Debt makes retirement a-work-in-progress for many baby boomers. According to a recent TD Ameritrade survey, the average baby boomer has about $500,000 less than is needed to retire comfortably. Blame the 2008 subprime meltdown and the stock market crash.
So, many baby boomers will work a few more years. Meanwhile, many boomers are launching new careers after retiring. The reality is that working 20 hours a week at $12 an hour comes to about $1,000 a month, Mark P. Cussen, certified financial planner noted in, Is a Retirement Career Right for You? “Numerous studies have shown that there is a direct correlation between continued employment and one‘s health and mobility,” Cussen wrote. “Working a second job in retirement can provide you with the opportunity to do something that you‘ve always wanted to do, such as serve a cause that you believe in or indulge in a hobby.”
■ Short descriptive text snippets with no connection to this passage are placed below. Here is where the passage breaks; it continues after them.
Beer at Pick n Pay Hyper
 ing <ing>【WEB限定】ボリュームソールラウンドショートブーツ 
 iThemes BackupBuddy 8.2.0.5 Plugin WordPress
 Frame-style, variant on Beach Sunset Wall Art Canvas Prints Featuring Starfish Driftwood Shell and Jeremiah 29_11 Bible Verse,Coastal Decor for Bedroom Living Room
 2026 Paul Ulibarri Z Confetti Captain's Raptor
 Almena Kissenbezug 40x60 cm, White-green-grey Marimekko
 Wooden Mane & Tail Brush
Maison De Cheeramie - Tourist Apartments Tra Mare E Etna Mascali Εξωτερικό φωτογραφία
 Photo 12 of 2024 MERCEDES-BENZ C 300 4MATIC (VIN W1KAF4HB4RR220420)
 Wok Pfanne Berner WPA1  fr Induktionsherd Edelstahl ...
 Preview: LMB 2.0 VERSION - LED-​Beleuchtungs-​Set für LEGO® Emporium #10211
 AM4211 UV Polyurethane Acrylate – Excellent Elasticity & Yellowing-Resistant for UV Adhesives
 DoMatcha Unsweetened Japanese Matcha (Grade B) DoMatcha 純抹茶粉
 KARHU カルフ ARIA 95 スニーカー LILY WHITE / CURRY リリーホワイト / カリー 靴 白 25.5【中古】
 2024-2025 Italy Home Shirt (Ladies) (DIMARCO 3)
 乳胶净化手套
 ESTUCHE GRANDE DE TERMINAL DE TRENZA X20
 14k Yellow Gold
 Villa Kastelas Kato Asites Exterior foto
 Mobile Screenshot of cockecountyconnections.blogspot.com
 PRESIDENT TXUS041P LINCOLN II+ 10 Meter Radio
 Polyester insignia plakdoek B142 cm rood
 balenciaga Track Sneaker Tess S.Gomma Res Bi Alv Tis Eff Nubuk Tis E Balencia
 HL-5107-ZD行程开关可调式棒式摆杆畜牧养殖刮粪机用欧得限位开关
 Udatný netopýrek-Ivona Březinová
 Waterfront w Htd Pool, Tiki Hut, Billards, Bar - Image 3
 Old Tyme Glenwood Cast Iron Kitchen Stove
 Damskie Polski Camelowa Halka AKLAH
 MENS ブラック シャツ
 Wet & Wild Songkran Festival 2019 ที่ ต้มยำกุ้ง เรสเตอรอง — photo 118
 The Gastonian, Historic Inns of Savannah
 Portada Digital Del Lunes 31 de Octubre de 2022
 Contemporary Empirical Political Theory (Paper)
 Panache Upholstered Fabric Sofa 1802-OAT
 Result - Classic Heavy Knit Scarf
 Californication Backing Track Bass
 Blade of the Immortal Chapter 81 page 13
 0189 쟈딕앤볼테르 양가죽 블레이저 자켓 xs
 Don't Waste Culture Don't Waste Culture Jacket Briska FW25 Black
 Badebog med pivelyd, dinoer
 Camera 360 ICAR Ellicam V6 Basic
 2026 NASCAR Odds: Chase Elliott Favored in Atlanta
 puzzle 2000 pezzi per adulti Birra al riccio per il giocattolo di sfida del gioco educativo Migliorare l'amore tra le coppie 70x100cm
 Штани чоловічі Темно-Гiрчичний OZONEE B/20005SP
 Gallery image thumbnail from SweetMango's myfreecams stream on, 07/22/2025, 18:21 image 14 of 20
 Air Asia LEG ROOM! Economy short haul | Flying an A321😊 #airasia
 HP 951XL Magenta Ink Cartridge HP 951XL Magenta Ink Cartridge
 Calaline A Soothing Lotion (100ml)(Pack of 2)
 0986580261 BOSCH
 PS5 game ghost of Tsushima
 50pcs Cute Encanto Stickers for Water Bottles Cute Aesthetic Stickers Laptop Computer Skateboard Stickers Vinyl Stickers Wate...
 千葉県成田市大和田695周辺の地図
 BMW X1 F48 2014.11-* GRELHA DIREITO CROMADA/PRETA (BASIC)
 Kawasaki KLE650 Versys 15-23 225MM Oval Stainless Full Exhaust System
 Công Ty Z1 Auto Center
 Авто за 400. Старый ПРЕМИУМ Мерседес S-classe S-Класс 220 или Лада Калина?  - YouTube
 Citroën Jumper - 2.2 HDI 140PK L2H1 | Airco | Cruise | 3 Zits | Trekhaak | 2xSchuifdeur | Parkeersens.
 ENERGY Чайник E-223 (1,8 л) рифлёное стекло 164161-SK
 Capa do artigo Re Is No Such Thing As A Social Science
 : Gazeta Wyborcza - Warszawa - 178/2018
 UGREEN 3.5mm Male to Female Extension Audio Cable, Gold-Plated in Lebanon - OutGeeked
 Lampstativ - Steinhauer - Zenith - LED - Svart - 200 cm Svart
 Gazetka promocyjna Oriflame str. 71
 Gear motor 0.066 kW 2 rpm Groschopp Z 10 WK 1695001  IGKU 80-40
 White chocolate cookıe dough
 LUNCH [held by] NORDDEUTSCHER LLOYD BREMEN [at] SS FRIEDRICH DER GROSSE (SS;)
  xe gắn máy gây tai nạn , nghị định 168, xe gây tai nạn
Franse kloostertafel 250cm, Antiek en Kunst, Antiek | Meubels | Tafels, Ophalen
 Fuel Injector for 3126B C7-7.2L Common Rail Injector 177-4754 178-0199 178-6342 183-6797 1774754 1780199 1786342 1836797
Here are some jobs that baby boomers can consider after retirement: Be a bartender- The job allows you talk to others and collect tips. Be a makeup-artist—The job is an ideal part-time gig that pays up to $40 an hour and requires only about 20 hours a week. Also consider work-at-home-jobs, and IRS seasonal work. If you decide to relocate, consider the top 20 places that Black Enterprise chose. Durham ranks as the No. 1 best place to retire because it offers affordable health care. The other top locations are Charlottesville, Va.; Ann Arbor, Mich.; Nashville; Lexington; Roswell, Ga. and Columbia, Mo.
Derek Dingle, editor in chief at Black Enterprise said the list was designed so that readers could get the facts on retirement options. The magazine lists cities that have high quality of life standards, quality health care and low taxes. Factors that stretch the retirement nest egg. In addition, many of the cities are near metropolitan areas and HBCUs are nearby. ”They can engage in leisure and arts and cultural activities,” Dingle said.
If you retire and relocate, consider more trends. Blacks in 2000 began a reverse migration trend, leaving not just the Northeast or Midwest, but the West Coast as well. Blacks have increasingly ranked Atlanta as No. 1, according to a Jan. 15, 2015 Forbes magazine report titled, The Cities Where African-Americans Are Doing The Best Economically. The No. 2 relocation area is Raleigh, N.C., according to Forbes. The Washington, D.C., area ranks No. 3. Baltimore ranks No. 4. Charlotte ranks No. 6. Orlando ranks No. 7. Three cities rank No. 8–Miami; Rich.